E’ difficile accettare la carestia, la mancanza, la penuria. Il termine carestia, secondo alcuni, deriva dal greco akharistía (αχαριστία), composto da α privativo e χαριστία (grazia), quindi mancanza di grazia, favore, beneficio. La carestia è dunque una situazione di sofferenza causata da scarsezza di beni e risorse. Nella carestia si sta con la consapevolezza di aver vissuto diversamente, desiderando di tornare al benessere di prima, alla sicurezza materiale e psicologica. Il tema della carestia è dunque profondamente legato alla memoria. Se mi accorgo di mancare di cibo, di acqua, di beni materiali o spirituali, mi accorgo della mancanza, in virtù del ricordo dei bei tempi andati, quando i prodotti erano tanti, le risorse accessibili, si stava meglio. La memoria fa riemergere ciò che già sapevamo: in noi è presente questa capacità di giudicare in base alle richieste inoltrate dalla volontà.
Quando ripensiamo a una persona di cui abbiamo dimenticato il nome, cerchiamo le informazioni collegate a quella persona e rifiutiamo ciò che non è collegato a quella persona. Se il ricordo di quella persona fosse del tutto scomparso, noi non riusciremmo più a rintracciarne la memoria: non si può cercare una cosa dimenticata completamente. Allora se una persona ci manca, riaffiora nella nostra memoria ciò che questa persona ha fatto di buono in noi e con noi. Ricordiamo le sue parole, il suo ascolto, la sua presenza e vorremmo nuovamente stare insieme, rivivere la bellezza e la bontà di quei momenti.
Tardi ti ho amato,
bellezza così antica e così nuova,
tardi ti ho amato.
Tu eri dentro di me, e io fuori.
E là ti cercavo.
Deforme, mi gettavo
sulle belle forme delle tue creature.
Tu eri con me, ma io non ero con te.
Mi tenevano lontano da te
quelle creature che non esisterebbero
se non esistessero in te.
Mi hai chiamato,
e il tuo grido ha squarciato la mia sordità.
Hai mandato un baleno,
e il tuo splendore
ha dissipato la mia cecità.
Hai effuso il tuo profumo;
l’ho aspirato e ora anelo a te.
Ti ho gustato,
e ora ho fame e sete di te.
Mi hai toccato,
e ora ardo dal desiderio della tua pace. Agostino, Confessioni 10
La mancanza, con S. Agostino, pone un problema: e se mancassimo per assenza del soggetto desiderante? Se cioè fosse venuto meno non l’oggetto ma la la capacità del soggetto di stare al mondo, se avesse perduto il senso esistenziale, l’udito, la vista, l’odorato, il gusto, il tatto che ci permette di raggiungere quello che Heidegger chiama la consapevolezza della gettatezza? L’uomo è essere di mancanza in quanto la sua infinita domanda dell’origine e del suo destino può essere risposta solamente nella sua prospettiva finita: in altre parole per Heidegger l’uomo nasce con il peso, la colpa, la mancanza, di un’indefinibile origine e aspetta ansioso e angosciato il momento della sua morte, improvvisa come il famoso ladro evangelico, che arriverà trovandolo senza risposte, impreparato, mancante.

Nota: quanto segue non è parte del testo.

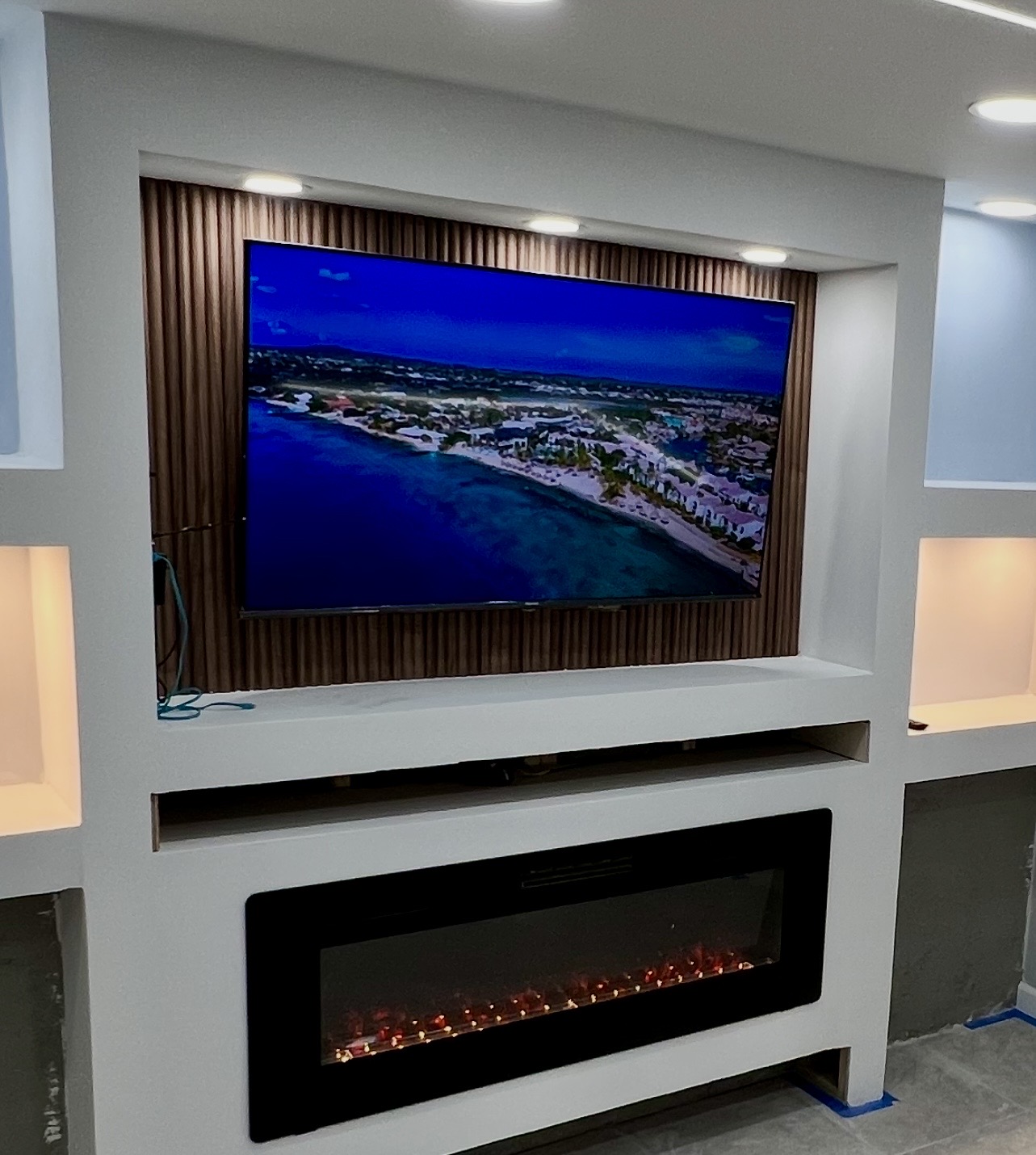 Mounted TV with hidden wires in living room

Esiste un altro termine che ha una radice simile alla carestia ma ha un significato completamente diverso, celebrativo e sacramentale. L’eucarestia non è però soltanto un sacramento: etimologicamente è composta dalla particella ευ (buona) εὐχαριστία (grazia). Ci troviamo di fronte ad un interessante gioco linguistico: la carestia e l’eucarestia sono divise da poche lettere ma da stati d’animo evidentemente contrastanti. La carestia ci preoccupa perché siamo materialmente precari, l’eucarestia ci rallegra perché siamo soprannaturalmente contenti (rendiamo grazie).
Siamo sicuri che l’istituzione dell’eucarestia nell’ultima cena sia un momento esclusivamente trionfante, un’esplosione di gioia incondizionata, un godimento angelico disincarnato? E se l’essenza del memoriale (il fate questo in memoria di me) sia in realtà necessariamente collegato alla perdurante condizione di mancanza, di nostalgia, di carestia, che ogni uomo avverte nel suo cuore? Se in fondo fosse l’assenza a portare un cristiano alla Presenza, non si dovrebbe iniziare a guardare alla tribolazione come un elemento imprescindibile della salvezza, non dal punto di vista morale o moralistico ma dal punto di vista più propriamente esistenziale e metafisico? Ai nostri giorni manca una visione del mistero, uno sguardo metafisico che permetta alla nostra conoscenza e al nostro agire di andare oltre e forse amare quella bellezza così nuova e così antica.